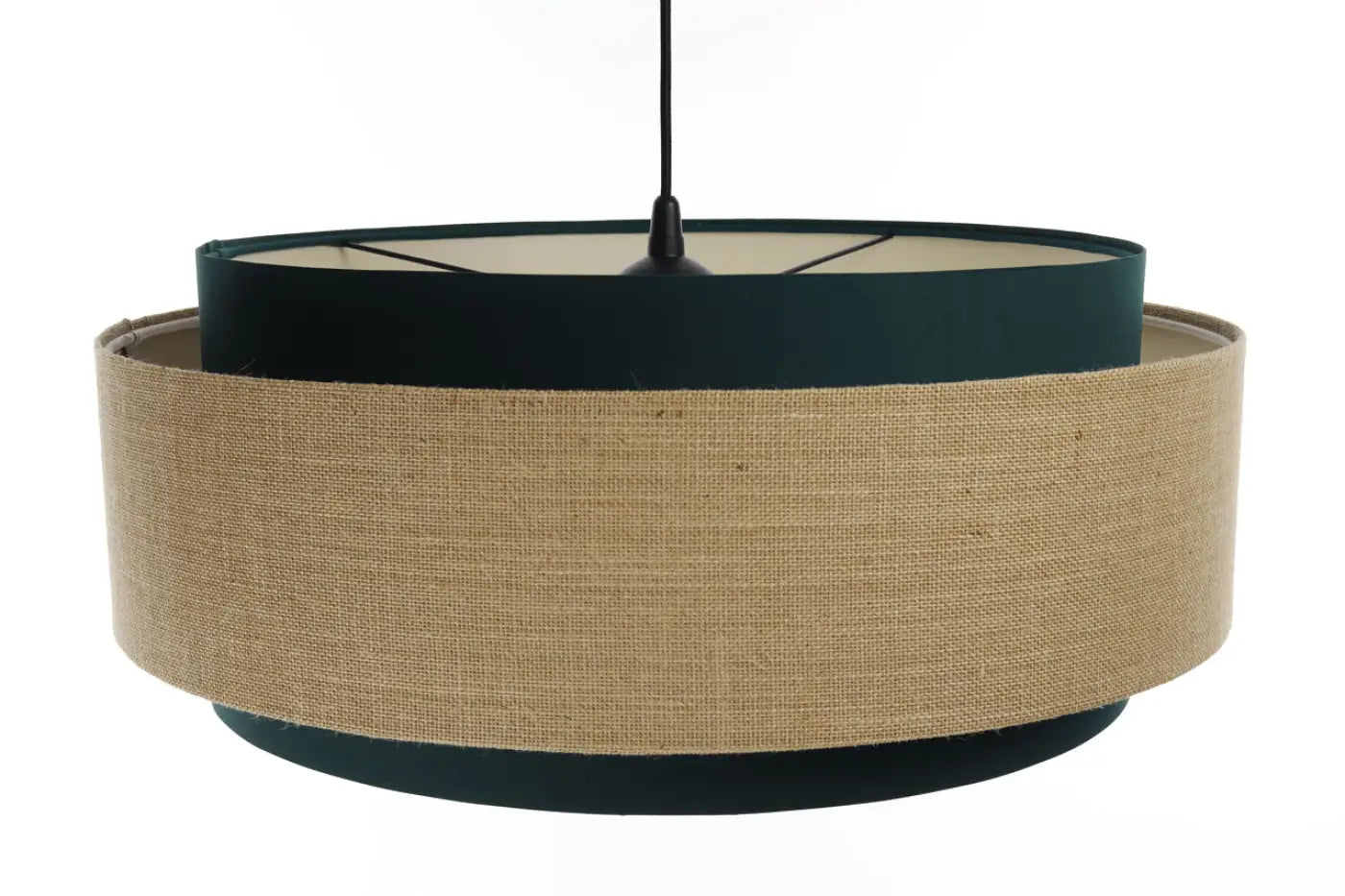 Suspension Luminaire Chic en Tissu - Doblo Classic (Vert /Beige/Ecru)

____________________

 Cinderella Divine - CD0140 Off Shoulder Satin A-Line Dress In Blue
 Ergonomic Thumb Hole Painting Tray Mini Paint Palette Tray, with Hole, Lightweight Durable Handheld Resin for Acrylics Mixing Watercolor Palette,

____________________

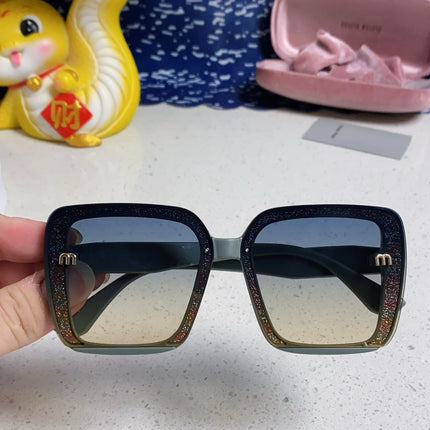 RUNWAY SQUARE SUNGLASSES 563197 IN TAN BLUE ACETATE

____________________

→ Work to complete
Extract from the listing above the lines between the line containing "Cinderella Divine - CD0140" and the line containing "Ergonomic Thumb Hole", keeping both of those lines. Output nothing else.

→ Response area
 Cinderella Divine - CD0140 Off Shoulder Satin A-Line Dress In Blue
 Ergonomic Thumb Hole Painting Tray Mini Paint Palette Tray, with Hole, Lightweight Durable Handheld Resin for Acrylics Mixing Watercolor Palette,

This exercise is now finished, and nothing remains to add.